Effective Scrum Leadership Focuses on People, Not Products

It's all about nurturing team growth.

Written by Tammy Xu
Published on Apr. 20, 2022

When Adam Salasek completed his scrum master certification program in 2019, he was full of ideas about what his new career path would be like. The program’s instructor had taught hopeful future scrum leaders (we will be using this term in place of the more commonly used scrum master — see note on terminology for more detail) how to improve communication among team members and nurture team growth in such a way that it becomes self-sustaining.

“The best way it was put to me is that the biggest job of a scrum master is to make themselves not needed,” Salasek said.

What Does a Scrum Leader Do?

Scrum leaders are an integral part of an agile team and help facilitate essential agile processes, like daily check-ins or sprint retrospectives. They are also responsible for the overall health and growth of the team. Their priority is to make the team as self-sustaining and effective as possible.

Salasek had been working as a project manager at United Airlines, and after he completed the certification program, he applied for an open scrum leader position at the company. But from the beginning, the role felt different from what he expected.

“I remember [during] my interview, they said ‘accountability’ probably six or seven times,” Salasek said. “And I’m like, ‘I just recently went through the scrum master training and accountability is not a single thing on the list of what a scrum master is supposed to be.’”

After he got the position, he realized the role was a hybrid between scrum leader and project manager, rather than a pure scrum leader position. He worked as one of several scrum-leader-slash-project-managers on a large project, each with their own development teams focusing on specific features.
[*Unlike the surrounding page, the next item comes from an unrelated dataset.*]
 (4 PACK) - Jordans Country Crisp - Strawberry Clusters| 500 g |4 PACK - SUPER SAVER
They were expected to be on top of deadlines, monitor their team’s rate of work and ensure that the developers on their teams always had something to work on. Basically, they had some project management responsibilities as well, which is outside the usual scope of scrum leaders. 

So, what exactly is the role of scrum leader? And what should it be?
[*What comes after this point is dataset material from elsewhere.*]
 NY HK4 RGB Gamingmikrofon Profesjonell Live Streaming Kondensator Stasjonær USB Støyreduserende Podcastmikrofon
Revisiting Terms Like ‘Scrum Master’

In recent years, many tech companies have been reckoning with the use of common terminology with racial implications including “master” and “slave” as well as phrases like “whitelist” and “blacklist.” Built In’s editorial policy is to avoid these terms when possible, but to leave them intact in quotes and where it is necessary to avoid confusion — for instance, in reference to the scrum master certification.

 

Scrum Leaders Help Teams Facilitate Communication

Scrum leaders are an integral part of an agile team. They help facilitate essential agile processes that teams practice, like daily check-ins, sprint planning meetings and sprint retrospectives. But above all, scrum leaders help teams work better as a team.

“The scrum master’s main objective is to enhance the team — to improve and develop the individual team members and their processes as a whole,” said Jessica Bahr, a scrum leader with financial services company Charles Schwab.
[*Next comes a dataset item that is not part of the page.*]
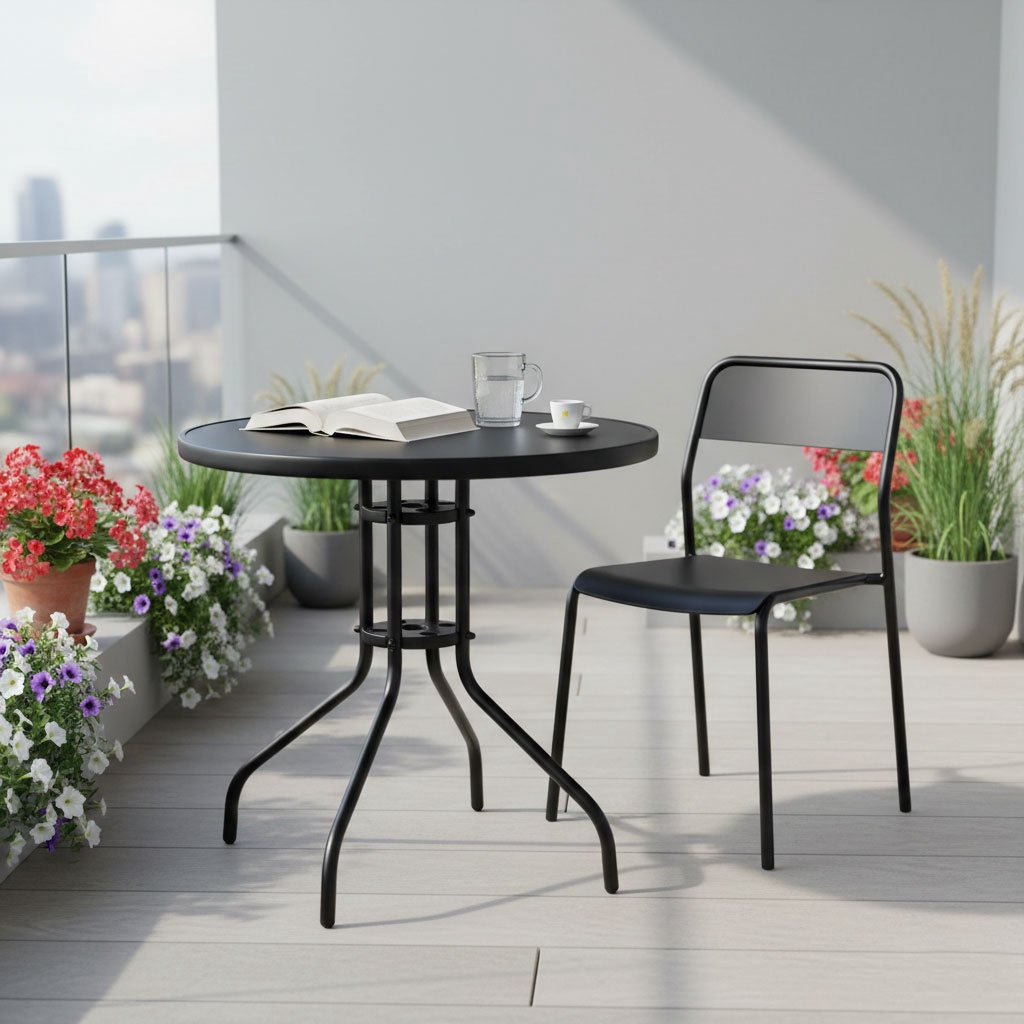 Round Garden Table, 80 cm Tempered Glass, Parasol Hole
Part of Bahr’s job as scrum leader is doing a lot of what she calls “communication wrangling” — checking that team members have the information they need to be successful and putting practices in place to prevent information silos.

“Sometimes in service to getting project priorities out the door, product owners can take shortcuts that may be at odds with the way the team has decided they want to work ... And so there’s almost this natural tension between scrum masters and product owners.”

Scrum leaders often act as a kind of communications coach, teaching team members how to communicate better with one another, resolve disagreements in productive ways and support each other’s growth. Bahr said one of the red flags she watches for is whether a team is always falling behind on work.

“Are we constantly behind the eight ball? Are we constantly in a state of trying to catch up?” Bahr said. That’s usually an opportunity for her to step in as scrum leader and test out processes to help the team more consistently meet their goals, like breaking stories into smaller tasks.

“So that if we do have those moments where we really have to work hard, and we really have to drive and get it done, those are the exception rather than the rule,” she said.

The roles of project manager and scrum leader may seem similar, but they actually have separate but often overlapping goals, Bahr said. While project managers are focused on the product and delivering it on time, scrum leaders are focused on the health of the team and their growth as a unit. Ideally, teams should not have the scrum leader and project manager roles fulfilled by the same person, Bahr said. 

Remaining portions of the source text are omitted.